Likewise, if we fix $x= 1$, we see that $f_y$ gives the slope of the other orange curve (obtained by intersecting our surface with the plane $x=1$) as we move in the $y$-direction. Thus

    At a point $P=(a,\,b,\, f(a,\,b))$ on the graph of $z = f(x,\, y)$,

    The value $\displaystyle\frac{\partial f}{\partial x}\Bigl|_{(a,\,b)}$ is the Slope in the $x$-direction,

    $\displaystyle \Bigl\langle \, 1,\, 0,\, \frac{\partial f}{\partial x}\Bigl|_{a,\,b}\,\Bigl \rangle$ is a Tangent Vector in the $x$-direction, while $$\frac{\partial f}{\partial y}\Bigl|_{(a,\,b)}\, \qquad \hbox{and} \qquad \Bigl\langle \, 0,\, 1,\, \frac{\partial f}{\partial y}\Bigl|_{a,\,b}\,\Bigl \rangle$$ give the slope and a tangent vector at $P$ in the $y$-direction.
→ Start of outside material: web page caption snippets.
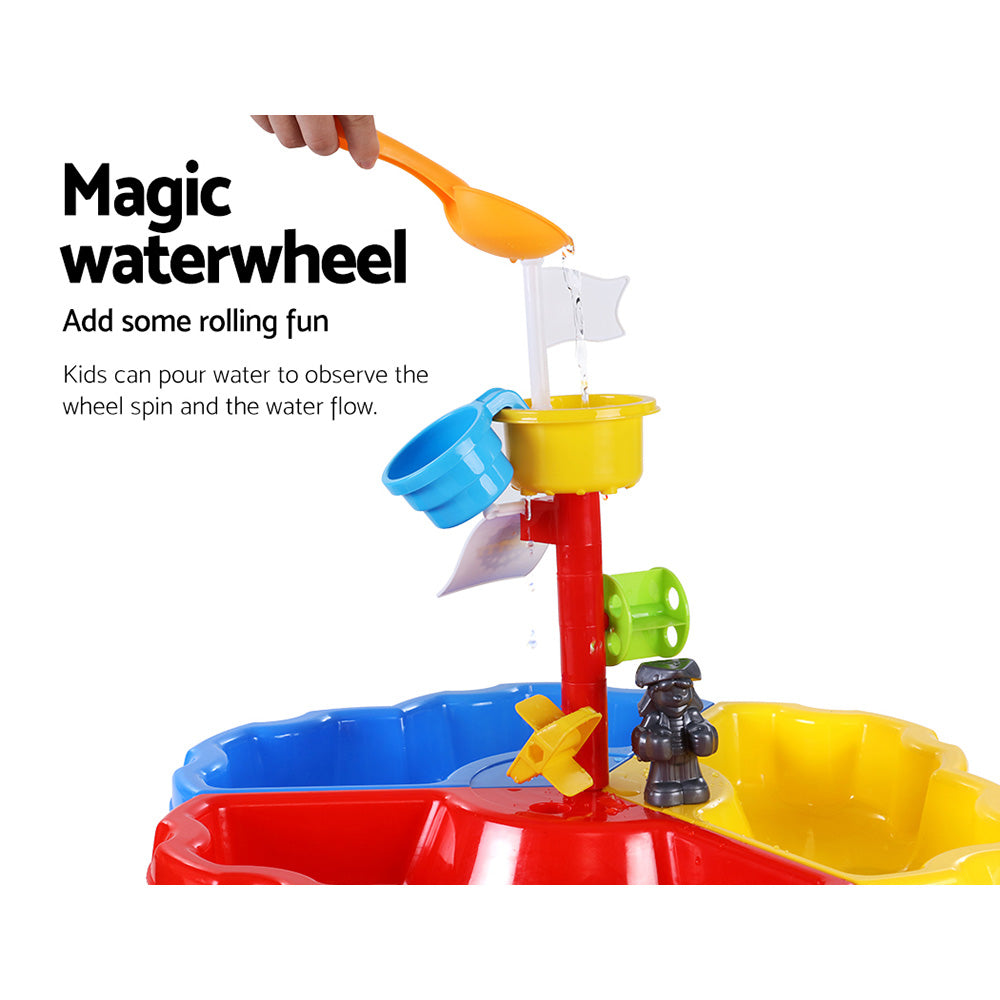 Kids Sand and Water Play Table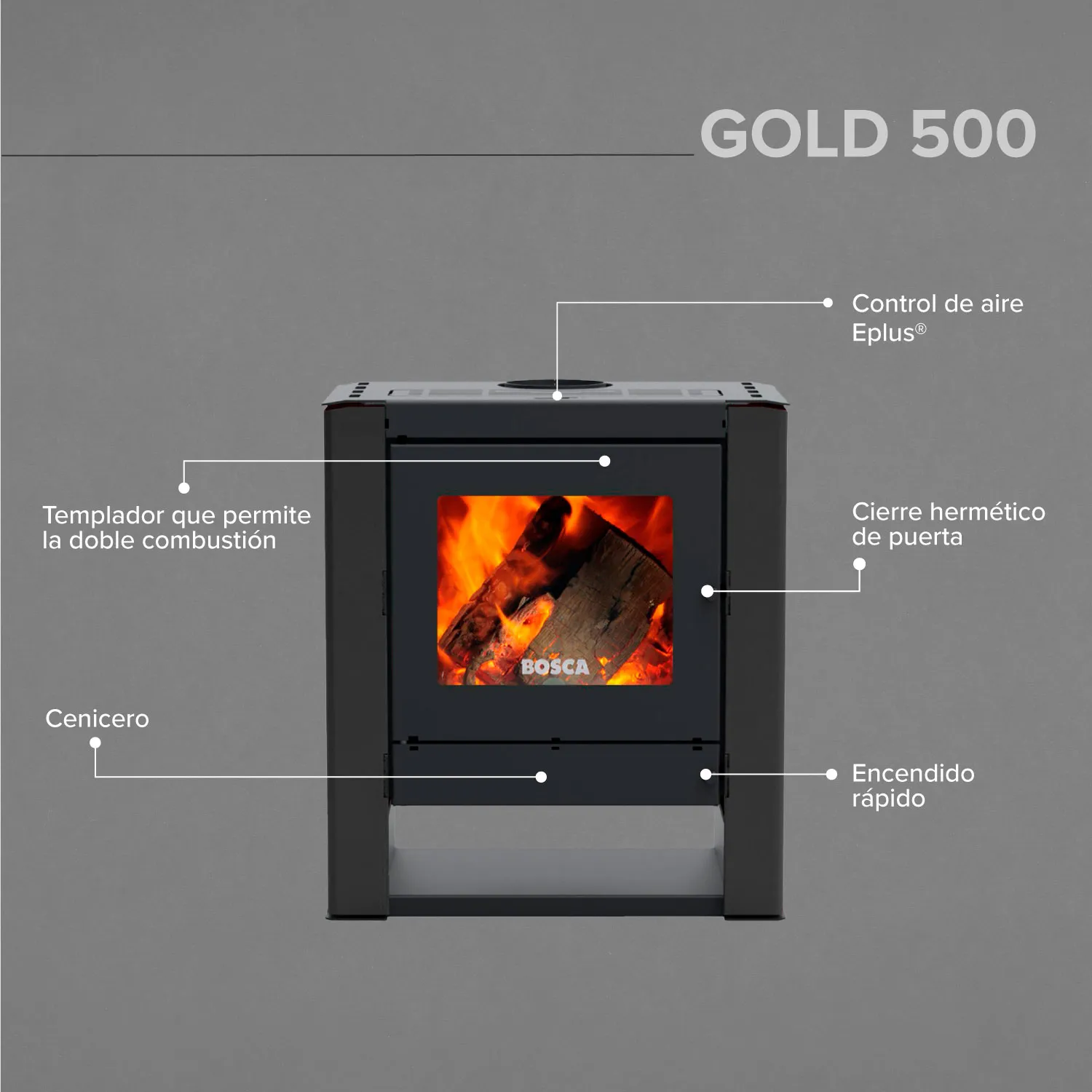 Calefactor a leña Bosca Gold 500 Charcoal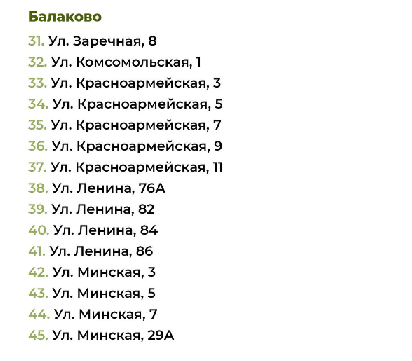 Балаково: продолжение депутатского проекта "Ремонт дворов" в 2025 году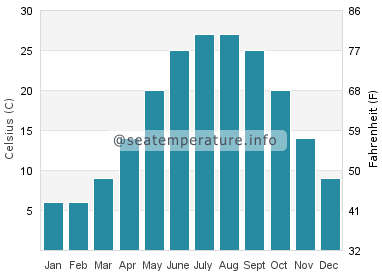 Water temperature in Gloucester Point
Example 1: Determine whether $f_x ,\ f_y$ are positive, negative, or zero at the points $P,\ Q, \ R,$ and $S$ on the surface to the right.
Solution: Starting at $Q$, the surface slopes up for fixed $x$ as $y$ increases, so $f_y\bigl|_{Q} > 0$, while moving slightly in the $x$ direction takes us neither uphill nor downhill, so so $f_x\bigl|_{Q}= 0$. Likewise, $$f_x\bigl|_{R} \,=\,0,\quad f_y\bigl|_{R} \,>\, 0\,, \qquad f_x\bigl|_{P} \,<\, 0,\, \quad f_y\bigl|_{P} \,=\, 0 \,.$$ We leave the signs of $f_x \bigl|_{S}$ and $f_y\bigl|_S$ to you.


All the same ideas carry over in exactly the same way to functions $f(x,\,y,\,z)$ of three or more variables - just don't expect lots of pictures!! The partial derivative $f_z$, for instance, is simply the derivative of $f(x,\,y,\,z)$ with respect to $z$, keeping the variables $x$ AND $y$ fixed now.


Information about the partial derivatives of a function $f(x,\,y)$ can be detected also from the contour map of $f$. Indeed, as one knows from using contour maps to learn whether a path on a mountain is going up or down, or how steep it is, so the sign of the partial derivatives of $f(x,\,y)$ and relative size can be read off from the contour map of $f$.

Example 2: To the right is the contour map of the earlier function $$f(x,\, y) \ = \ 3x^2 -y^2 -x^3 +2\,,$$ with 'higher ground' being shown in lighter colors and 'lower ground' in darker colors. Determine whether $f_x,\, f_y$ are positive, negative, or zero at $P,\, Q,\, R,\, S$, and $T$.

At $R$, the colors are lighter (higher) to the right and darker (lower) to the left, so $f_x \bigl |_R > 0$. Likewise, the colors are lighter below $R$ than above $R$, so $f_y \bigl |_R<0$. At $P$ and at $S$, the ground is flat: $S$ is at a local maximum, and $P$ is at a saddle. In both cases, $f_x=f_y=0$. We leave the remaining points to you.